Richard Tee was born in Brooklyn, New York on November 24, 1943 where he spent most of his life and lived with his mother in a brownstone apartment building. Graduating from The High School of Music & Art in New York City, he attended the Manhattan School of Music.

Tee went on to lead a jazz ensemble, the Richard Tee Committee and in 1981 he played the piano and Fender Rhodes for Simon and Garfunkel’s Concert In Central Park. Over the course of his prolific career he played with Quincy Jones, Ron Carter, Benny Golson, Stanley Turrentine, Rahsaan Roland Kirk,Chuck Mangione, Grover Washington Jr., George Benson, Herbie Mann, Doc Severinsen, Patti Austin, Roberta Flack, Donny Hathaway, Barbra Streisand, Lou Rawls, Etta James.

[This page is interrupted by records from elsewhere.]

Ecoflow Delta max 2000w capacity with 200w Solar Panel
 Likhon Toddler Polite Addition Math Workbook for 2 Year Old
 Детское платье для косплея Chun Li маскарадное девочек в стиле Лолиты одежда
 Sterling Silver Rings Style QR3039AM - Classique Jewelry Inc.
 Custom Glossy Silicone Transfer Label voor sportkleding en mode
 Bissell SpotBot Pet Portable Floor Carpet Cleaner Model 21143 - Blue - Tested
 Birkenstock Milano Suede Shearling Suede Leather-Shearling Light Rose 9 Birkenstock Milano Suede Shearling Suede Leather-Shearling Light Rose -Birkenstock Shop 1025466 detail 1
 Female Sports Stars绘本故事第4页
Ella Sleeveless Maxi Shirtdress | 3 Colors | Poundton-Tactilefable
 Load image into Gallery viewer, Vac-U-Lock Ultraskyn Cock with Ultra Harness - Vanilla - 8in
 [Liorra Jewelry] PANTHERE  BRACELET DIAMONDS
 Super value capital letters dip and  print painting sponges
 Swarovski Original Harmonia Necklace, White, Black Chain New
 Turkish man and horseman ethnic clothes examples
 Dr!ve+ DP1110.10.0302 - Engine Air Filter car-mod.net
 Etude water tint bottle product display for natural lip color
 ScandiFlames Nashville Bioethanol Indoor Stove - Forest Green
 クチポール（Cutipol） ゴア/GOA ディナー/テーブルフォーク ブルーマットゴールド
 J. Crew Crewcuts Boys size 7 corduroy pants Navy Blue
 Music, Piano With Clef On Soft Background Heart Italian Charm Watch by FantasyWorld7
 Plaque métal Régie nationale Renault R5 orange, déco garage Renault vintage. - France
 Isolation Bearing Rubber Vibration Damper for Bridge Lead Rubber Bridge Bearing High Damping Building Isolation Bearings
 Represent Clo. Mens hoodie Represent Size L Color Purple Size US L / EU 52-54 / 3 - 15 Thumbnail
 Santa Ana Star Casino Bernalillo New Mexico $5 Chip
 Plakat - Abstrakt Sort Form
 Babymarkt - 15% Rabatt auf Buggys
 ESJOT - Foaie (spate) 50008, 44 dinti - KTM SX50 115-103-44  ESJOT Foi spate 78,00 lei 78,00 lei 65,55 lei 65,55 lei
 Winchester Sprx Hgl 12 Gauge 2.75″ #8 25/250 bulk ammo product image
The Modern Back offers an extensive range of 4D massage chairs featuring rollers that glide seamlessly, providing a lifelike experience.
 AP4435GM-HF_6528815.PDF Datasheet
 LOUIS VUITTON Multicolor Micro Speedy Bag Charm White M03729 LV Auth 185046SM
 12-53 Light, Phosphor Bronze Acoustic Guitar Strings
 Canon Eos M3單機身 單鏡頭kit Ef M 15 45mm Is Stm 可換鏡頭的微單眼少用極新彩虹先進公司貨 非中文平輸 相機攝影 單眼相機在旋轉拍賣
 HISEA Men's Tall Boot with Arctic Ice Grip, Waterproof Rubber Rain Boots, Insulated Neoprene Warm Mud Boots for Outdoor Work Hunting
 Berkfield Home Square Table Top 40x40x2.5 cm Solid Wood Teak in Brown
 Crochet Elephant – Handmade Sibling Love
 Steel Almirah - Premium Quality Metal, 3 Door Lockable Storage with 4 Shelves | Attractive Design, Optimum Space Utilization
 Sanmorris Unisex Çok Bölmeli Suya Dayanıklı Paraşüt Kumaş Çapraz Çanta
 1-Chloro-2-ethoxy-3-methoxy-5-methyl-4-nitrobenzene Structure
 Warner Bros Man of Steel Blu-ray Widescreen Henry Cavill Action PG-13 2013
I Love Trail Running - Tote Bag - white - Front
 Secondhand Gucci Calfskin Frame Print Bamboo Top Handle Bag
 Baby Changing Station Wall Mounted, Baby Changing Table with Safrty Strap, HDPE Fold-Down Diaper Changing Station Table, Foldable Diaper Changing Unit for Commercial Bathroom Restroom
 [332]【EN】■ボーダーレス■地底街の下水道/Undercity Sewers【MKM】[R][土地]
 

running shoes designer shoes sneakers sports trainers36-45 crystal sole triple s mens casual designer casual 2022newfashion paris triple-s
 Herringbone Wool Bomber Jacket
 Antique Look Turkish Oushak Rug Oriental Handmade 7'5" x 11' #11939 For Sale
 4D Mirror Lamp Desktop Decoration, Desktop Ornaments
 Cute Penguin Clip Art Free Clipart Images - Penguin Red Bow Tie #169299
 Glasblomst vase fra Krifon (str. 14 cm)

Not limiting himself to jazz and blues, Richard also performed and recorded with  Carly Simon, The Bee Gees, Aretha Franklin, Peter Allen, George Harrison, Diana Ross, Duane Allman, Bill Withers, Nina Simone, Juice Newton, Billy Joel, Eric Clapton, Kenny Loggins, David Ruffin, Peter Gabriel, Joe Cocker, Tim Finn, Peabo Bryson, Mariah Carey, Chaka Khan, Phoebe Snow, Leo Sayer and countless others.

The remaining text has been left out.